Authors: Nerea Maiz1,2, Berta Serrano1, Anna Suy1, Elena Carreras1,2
1 Hospital Universitari Vall d’hebron. Barcelona. Catalonia. Spain.
2 Universitat de Vic-Universitat central de Catalunya. Catalonia. Spain.
The infection caused by the SARS-CoV-2 virus, which causes the COVID-19 disease, was first described in the city of Wuhan, China, in December 2019 and rapidly spread to the rest of the planet. The World Health Organization declared the coronavirus infection a pandemic in March 2020. A progressive accumulation of scientific evidence since the beginning of the pandemic has tried to determine the effect of this new disease on pregnancy and the influence of pregnancy in the course of the disease.
Pregnant women have higher risk of disease and mortality due to certain respiratory infections. Normal changes of pregnancy make these patients especially susceptible to respiratory infections.
Respiratory changes during pregnancy include increasing oedema and congestion in the upper airway tract and elevation of the diaphragm. These changes cause increased susceptibility to respiratory pathogens, added to others such as immunotolerance, metabolic changes, etc., make pregnancy a situation of special susceptibility.
The incubation period of SARS-CoV-2 goes usually from 5 to 6 days but can range from 1 to 14 days. The most likely moment to transmit the infection is just before the onset of symptoms. The virus can be transmitted even in asymptomatic patients, although the patients with severe disease can be contagious for longer time.

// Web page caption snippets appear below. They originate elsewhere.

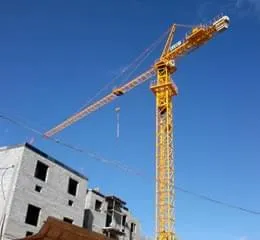 Gruas e Elevadores Cremalheira Avant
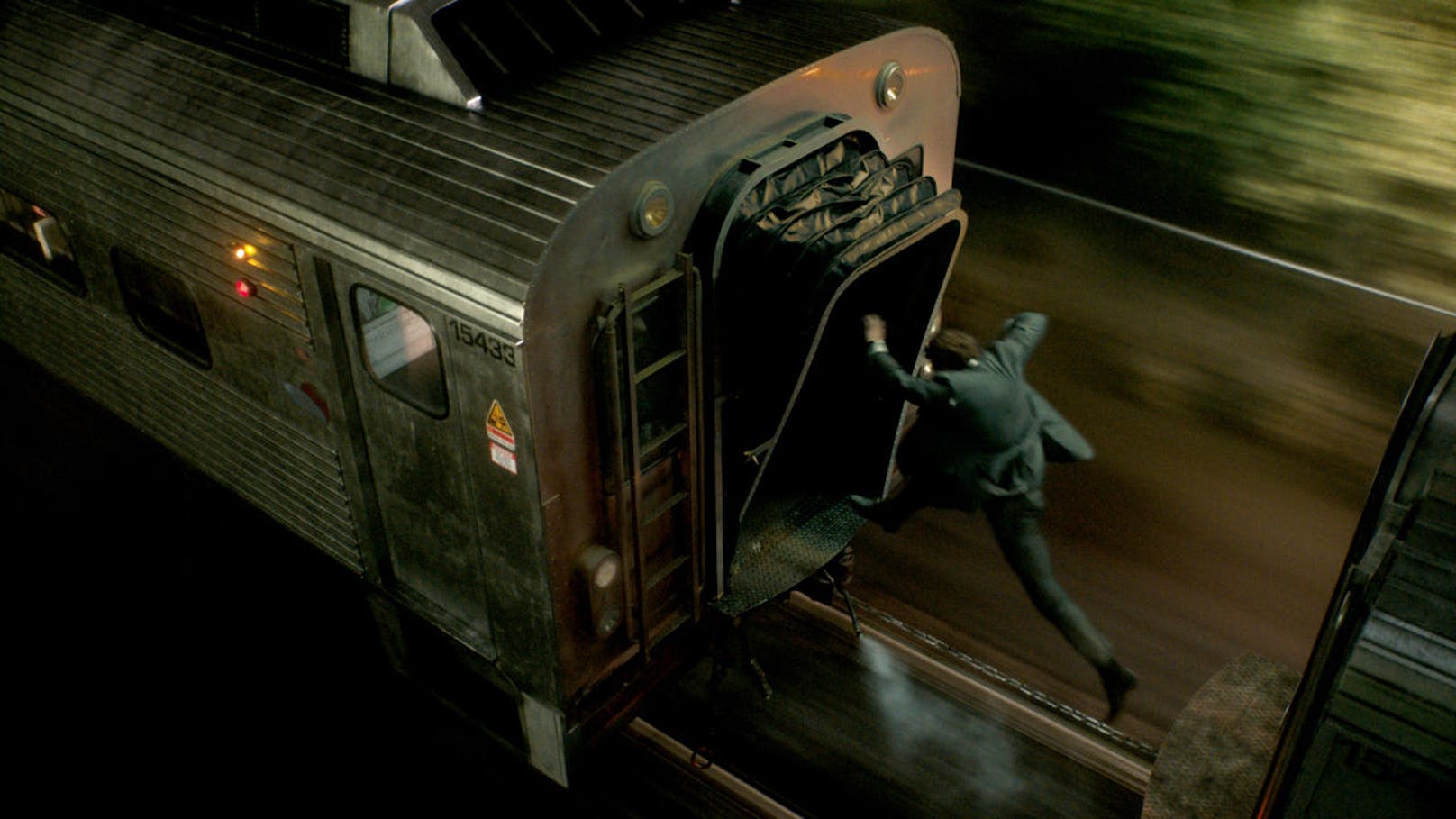 Michael MacCauley (Liam Neeson) auf gefährlicher Mission im Pendlerzug nach New York. 
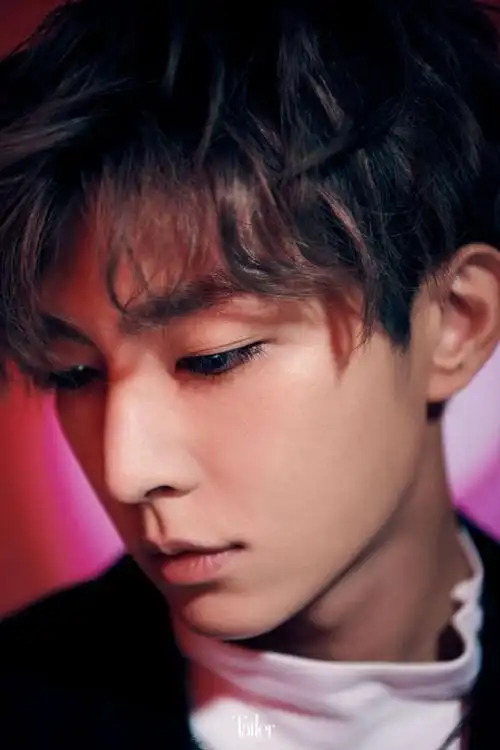 炎亚纶36题爱上你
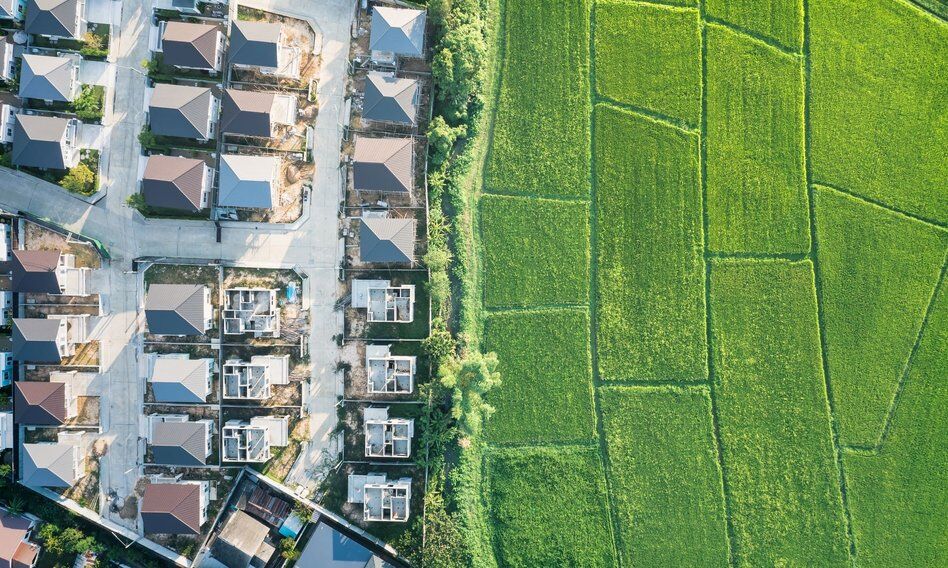 Korekta na rynku działek budowlanych, choć popyt na domy nie słabnie [Nowy raport]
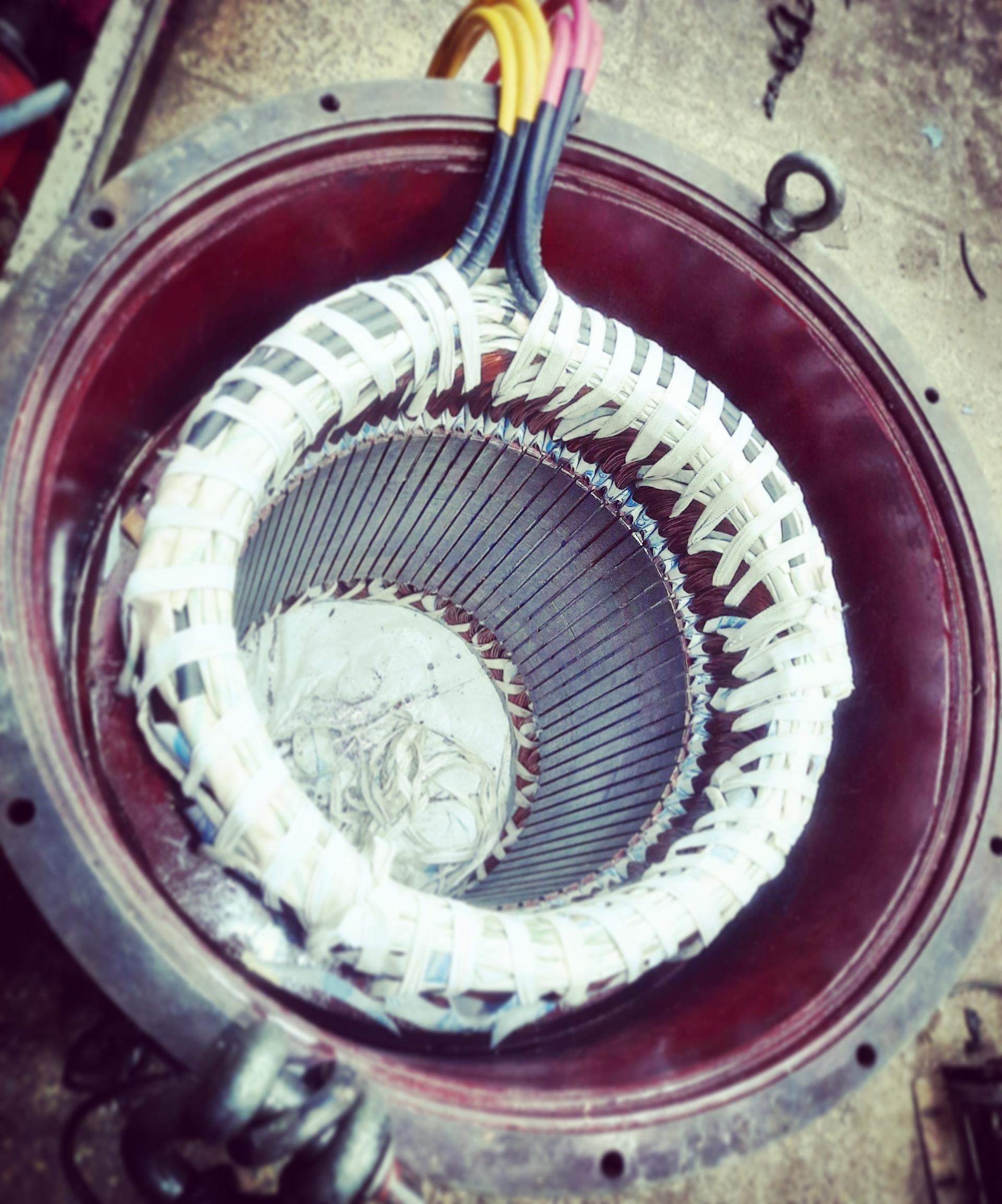 عکس کارگاه سیم پیچی طرفی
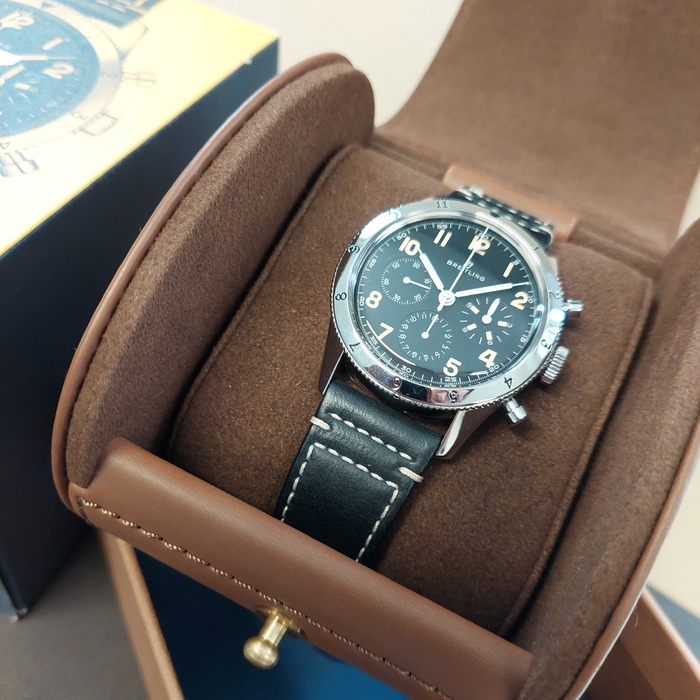 Breitling_Avi_765_AB0920121B1X1_Tweedehands_91512-1003_Juwelier_Clem_Vercammen-14.jpg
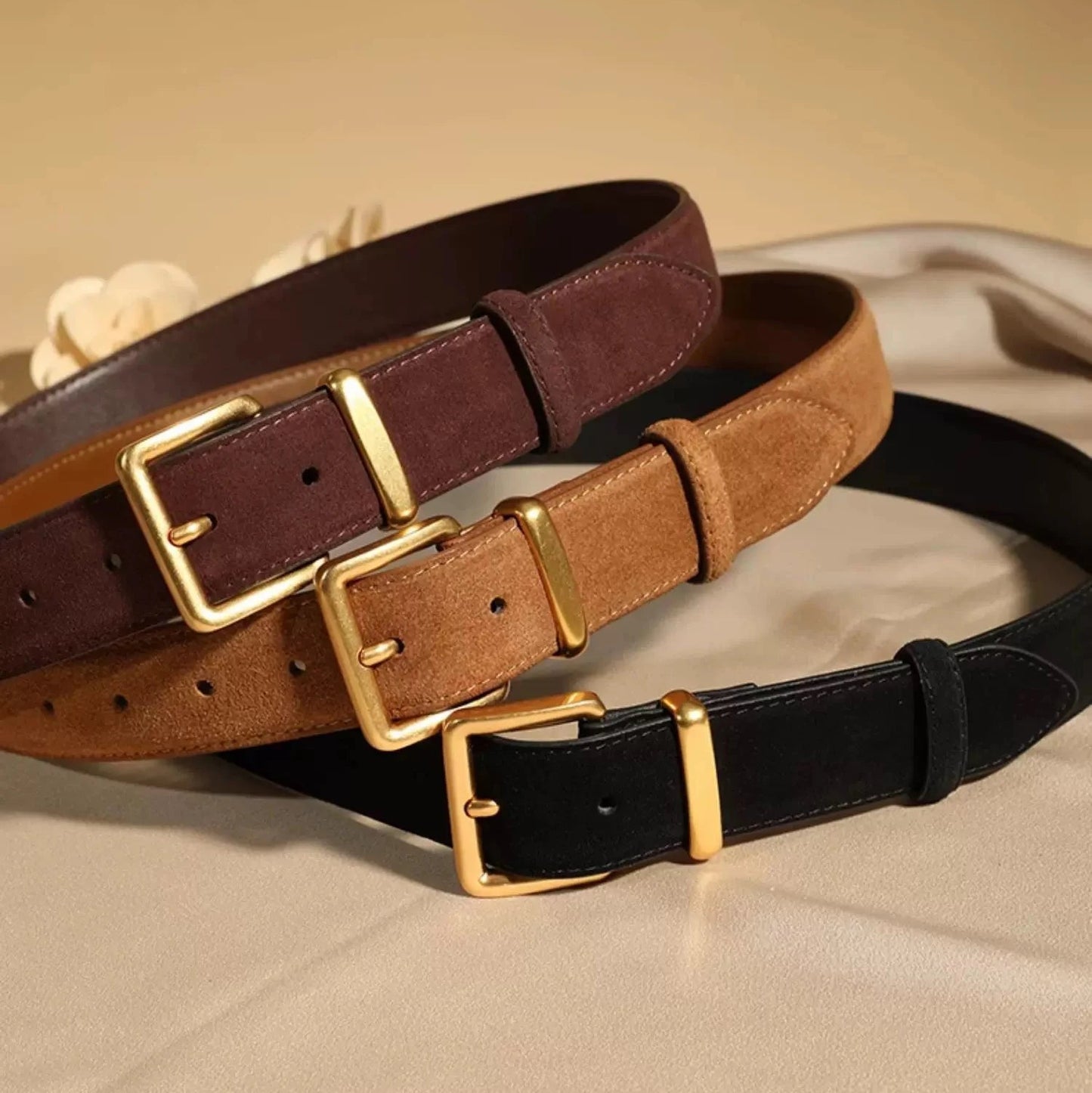 Zamszowy pasek ze złotą klamerką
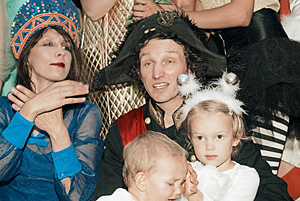 Художник Александр Петлюра (в центре) на открытии выставки «Мир Петлюры» в галерее «АРТ-стрелка»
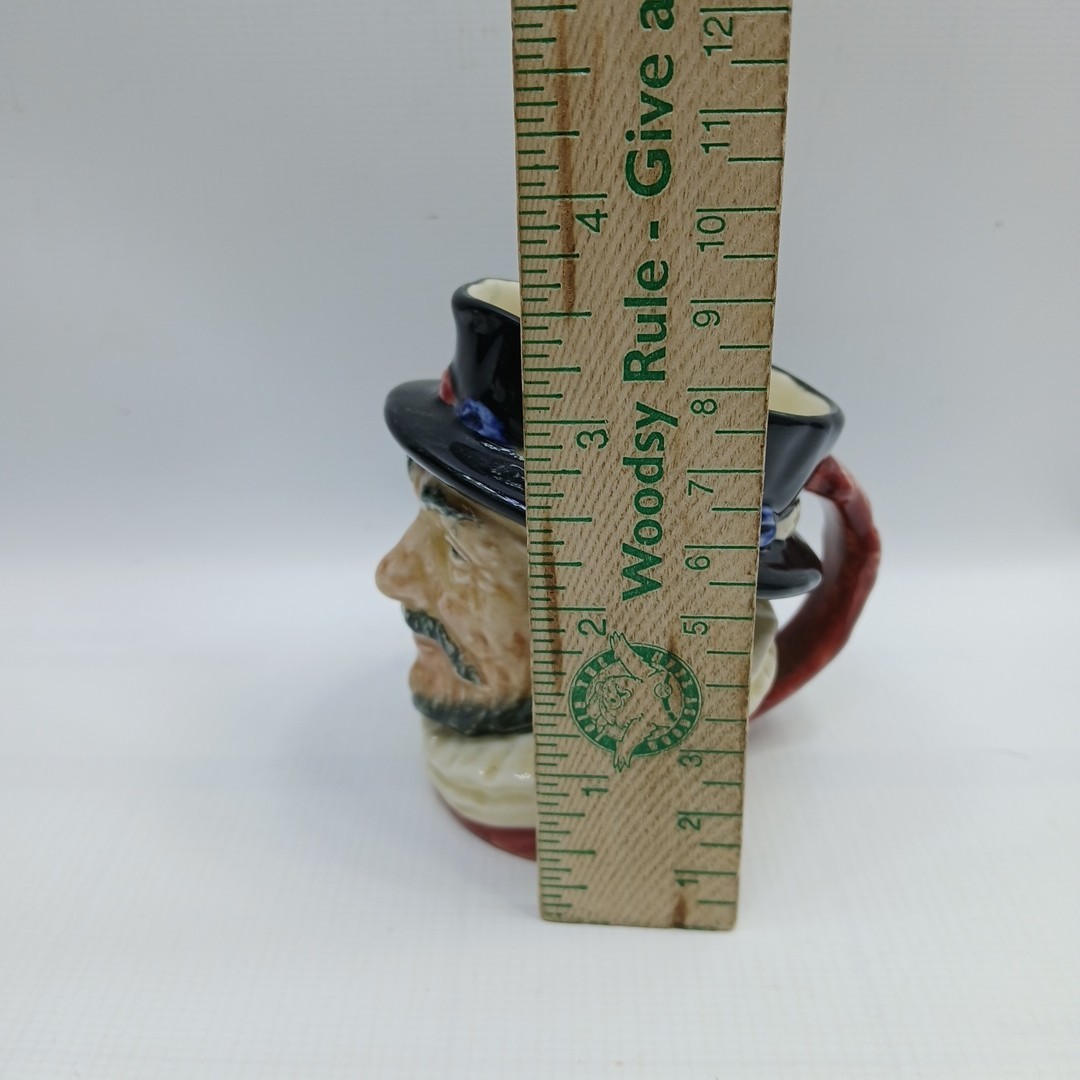 Vintage Royal Doulton Beef Eater Character Toby Jug England 3.25 in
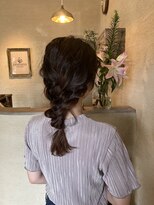 ワンネスヘアーサロン(oneness hair salon)&nbsp;ふんわり編み下ろしヘア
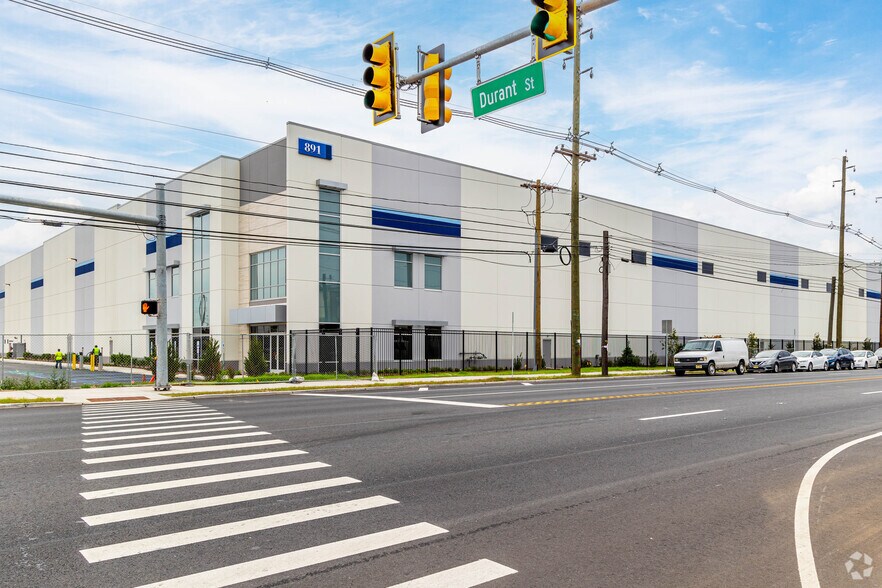 More Photos Of 925 Newark Ave, Elizabeth Unknown For Lease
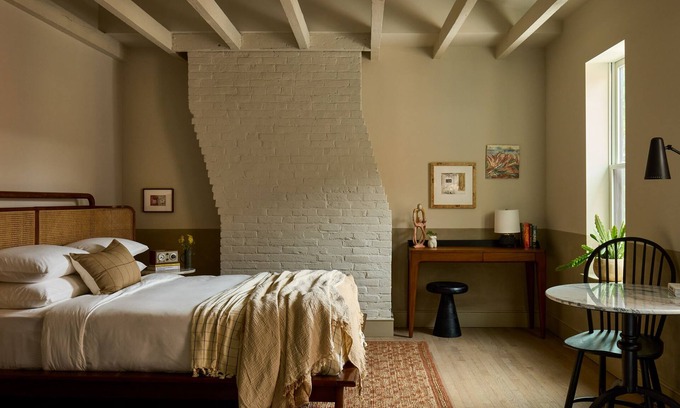 Fishtown Hotel | Spacious Studio Suite with Sitting Area & Local Artwork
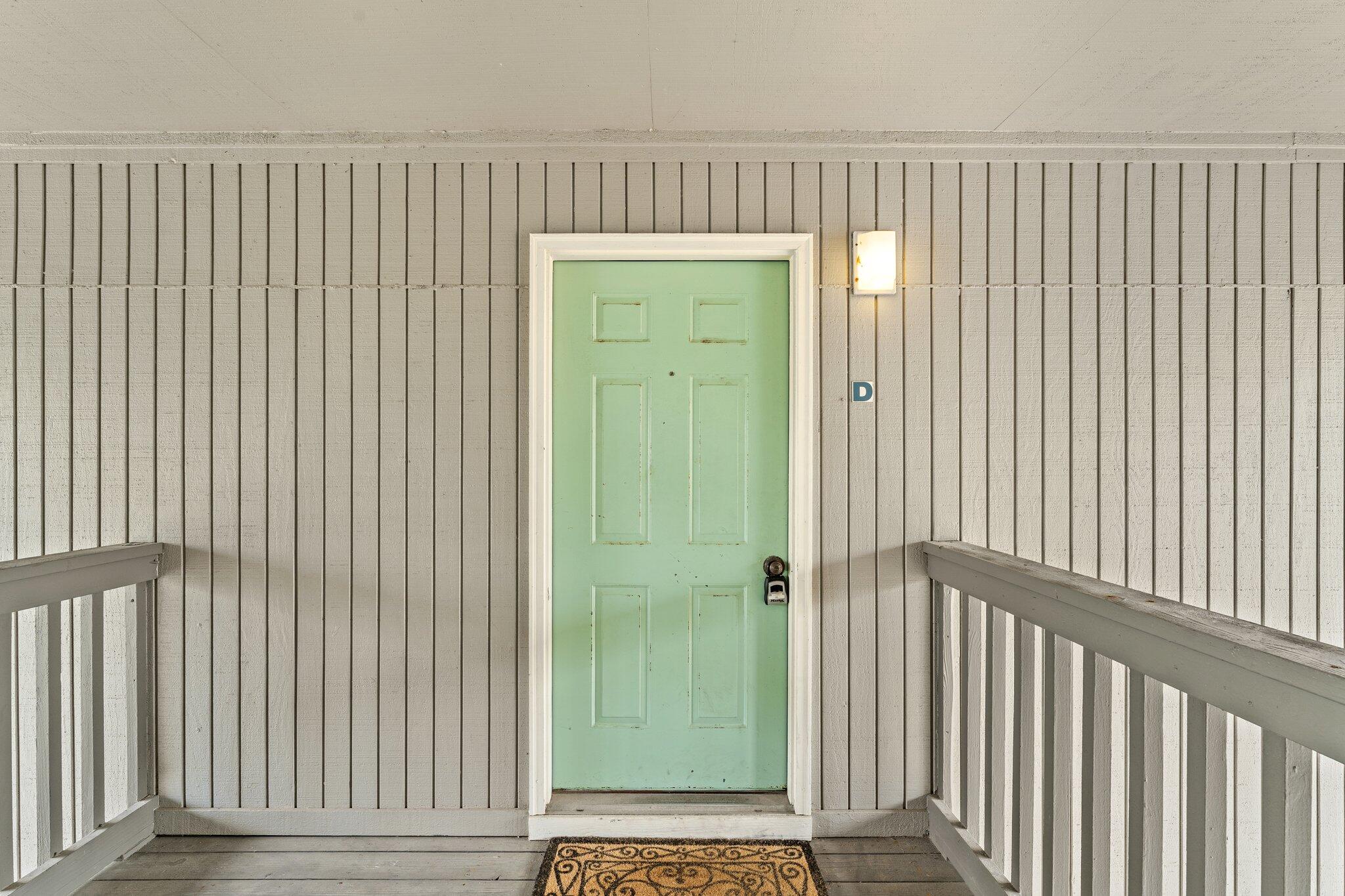 BEACHWOOD VILLAS CONDO - Residential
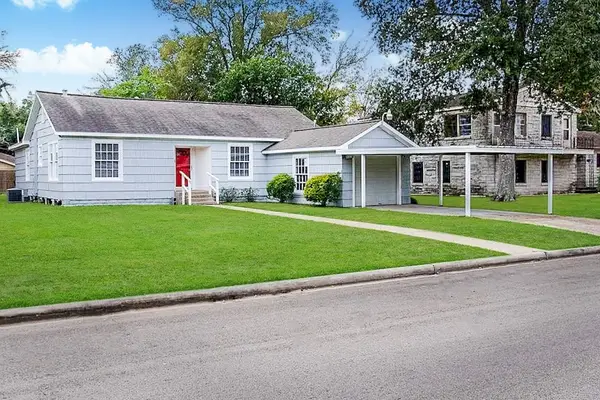 105 Live Oak Street, Baytown, TX 77520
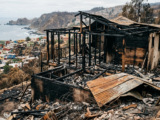 Una persona falleció en incendio que afectó seis viviendas en Pudahuel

The spread of the virus occurs through small liquid particles of different sizes (ranging from droplets to aerosols) expelled by an infected person by coughing, sneezing, talking or breathing. Transmission occurs mainly with close contacts (<1 meter), although it can also occur with the suspension of aerosols or due to surface contamination.
Similar to non-pregnant patients, the main signs and symptoms of pregnant women with COVID-19 are cough (41%), fever (40%), dyspnea (21%), myalgia (19%), loss of taste and smell (14 %) and diarrhea (8%). Compared with non-pregnant patients of the same age, pregnant women are less symptomatic. It can be difficult to distinguish between dyspnea caused by infection and physiological dyspnea due to increased oxygen caused by an increased basal metabolism, gestational anemia and fetal oxygen consumption.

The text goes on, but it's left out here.